- Artist: Suzanne Lacy and Leslie Labowitz
- Year: 1977
- Medium: Media Performance

= In Mourning and in Rage =

1977 Performance Art Piece

In Mourning and in Rage was a work of performance art and activism by Suzanne Lacy and Leslie Labowitz. The performance took place in Los Angeles, California in 1977 as a response to the rapes and murders covered by the media in the "Hillside Strangler" case."As if the horror of these crimes wasn't enough, the press coverage of the events sensationalized the sexual nature of the crimes. For feminist activists in Los Angeles involved in the movement to end violence against women, this analysis was unacceptable."

A continuation of Three Weeks in May, Lacy and Labowitz designed In Mourning and in Rage as a personal response to the sensationalized media coverage of violence against women as well as an expression of grief and rage towards the loss of life. The performance was a collaboration between Lacy, Labowitz, Bia Lowe, Holly Near, City Councilwoman Pat Russel, the Woman's Building, Women Against Violence Against Women, and Los Angeles Commission on Assaults Against Women. The event was staged for mass media coverage at the Los Angeles City Hall.

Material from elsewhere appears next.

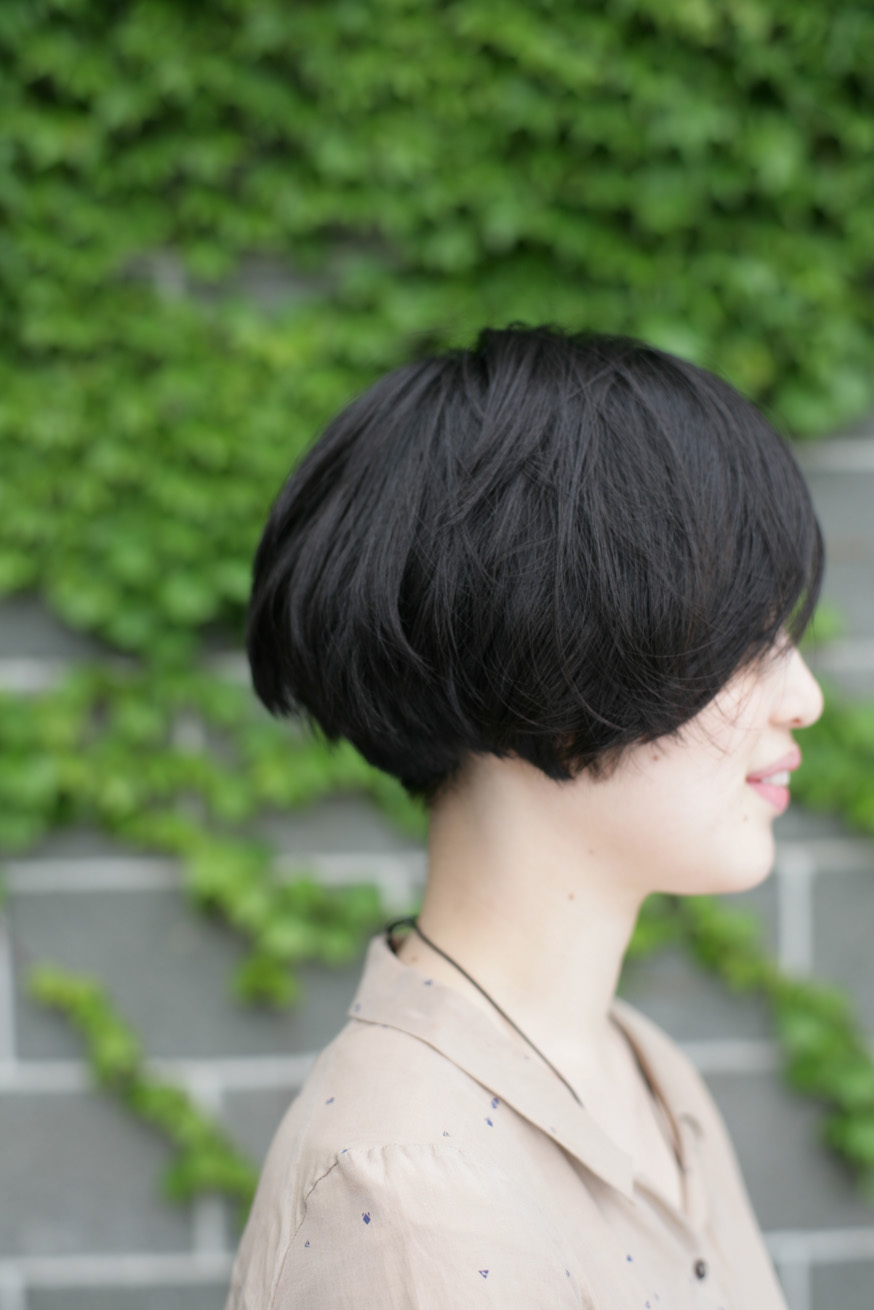 ニュアンスパーマのミニマムボブの画像(2) ｜ 青山・表参道の美容室 MARCCOのヘアスタイル ｜ Rasysa（らしさ）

The performance consisted of a large funeral motorcade of black-clad women led by a hearse from the Woman's Building to the Los Angeles City Hall. Once there, nine seven-feet-tall women draped in black emerged from the hearse along with a woman dressed in red. The mourners then climbed the steps of city hall where each of the nine women gave a statement into a microphone expressing their solidarity with the murdered women, emphasized by a chorus of "In memory of our sisters, we fight back!" from the rest of the motorcade. By making this performance public as well as highly crafted for media coverage, Lacy and Labowitz looked to highlight not only the deaths of the ten women killed by the Hillside Strangler, but the significantly larger population of women victims whose stories went uncovered by mainstream media.

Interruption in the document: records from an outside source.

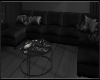 Dark Christmas Couch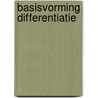 Basisvorming differentiatie by Terwel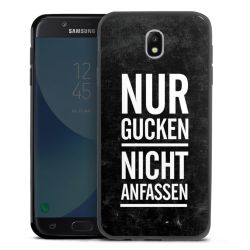 Silikon Slim Case schwarz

The piece concluded with direct statements to the press explaining the rationale for the piece as well as a speech demanding resources for women's self defense. Singer-songwriter Holly Near performed her song "Fight Back" which was written specifically for this event.

== Legacy ==
In Mourning and in Rage was highly covered by the press and resulted in increased support from Los Angeles City Council members and a pledge from the Rape Hotline Alliance to provide self defense classes.

To further the conversation about social action and art, Lacy and Labowitz produced a video documenting In Mourning and in Rage as well as a pamphlet entitled What is Social Art?.